Notifications You must be signed in to change notification settings

Kusainov/udacity-disaster-response

Repository files navigation

Disaster Response ETL, ML pipelines and Web application.

Motivation

The purpose of the project is to build a model for an API that classifies disaster messages. Using the web app an emergency worker can input a new message and get classification results in several categories so to have an idea what kind of help is needed: "water", "shelter", "food", etc.

The web app also displays visualizations of the data.

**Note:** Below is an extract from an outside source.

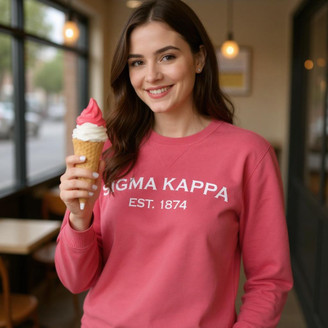 Sorority Pigment-Dyed Crewneck Sweatshirt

Web application screenshots

file1

file2

file3

Install

This project requires Python 3.x and the following Python libraries installed:

  1. NumPy
  2. Pandas
  3. Matplotlib
  4. Json
  5. Plotly
  6. Nltk
  7. Flask
  8. Sklearn
  9. Sqlalchemy
  10. Sys
  11. Re
  12. Pickle

You will also need to have software installed to run and execute an iPython Notebook

Code and data

  • process_data.py: This code extracts data from both CSV files: messages.csv (containing message data) and categories.csv (classes of messages) and creates an SQLite database containing a merged and cleaned version of this data.
  • train_classifier.py: This code takes the SQLite database produced by process_data.py as an input and uses the data contained within it to train and tune a ML model for categorizing messages. The output is a pickle file containing the fitted model. Test evaluation metrics are also printed as part of the training process.
  • ETL Pipeline Preparation.ipynb: The code and analysis contained in this Jupyter notebook was used in the development of process_data.py. process_data.py automates this notebook.
  • ML Pipeline Preparation.ipynb: The code and analysis contained in this Jupyter notebook was used in the development of train_classifier.py. In particular, it contains the analysis used to tune the ML model and determine which model to use. train_classifier.py automates the model fitting process contained in this notebook.
  • disaster_messages.csv, disaster_categories.csv contain sample messages (real messages that were sent during disaster events) and categories datasets in csv format.
  • templates folder: This folder contains all of the files necessary to run and render the web app.
  • custom_transformer.py contains custom functions that were used in ML Pipeline Preparation.ipynb so to find best way of model tuning.

Run

In a terminal navigate to the top-level project directory udacity-disaster-response/ (that contains this README) and run commands in the following sequence:

  • python process_data.py disaster_messages.csv disaster_categories.csv DisasterResponse.db
  • python train_classifier.py DisasterResponse.db classifier.pkl
  • python run.py

Run the web application Go to http://0.0.0.0:3001/ (if facing problems try http://localhost:3001 in a browser)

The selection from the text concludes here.